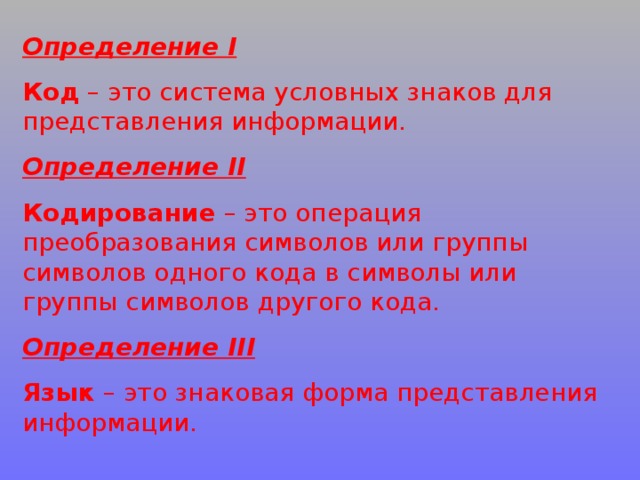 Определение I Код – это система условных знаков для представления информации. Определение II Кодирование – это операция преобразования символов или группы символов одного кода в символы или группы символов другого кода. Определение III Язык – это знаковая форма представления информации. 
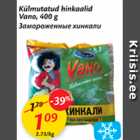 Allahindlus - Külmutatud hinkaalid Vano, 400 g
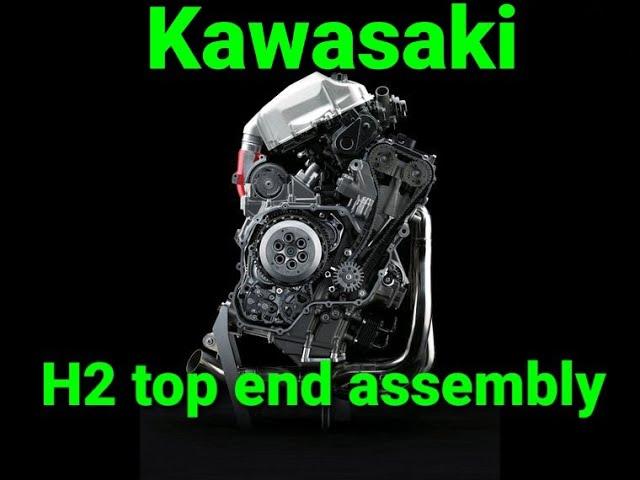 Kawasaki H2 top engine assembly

####

■ **EXERCISE PROMPT**
Without any pictures, please write out the lines from the one containing "Allahindlus - Külmutatud" through the final line of the data, exactly and inclusive of both ends.

■ **RESULT**
 Allahindlus - Külmutatud hinkaalid Vano, 400 g
 Kawasaki H2 top engine assembly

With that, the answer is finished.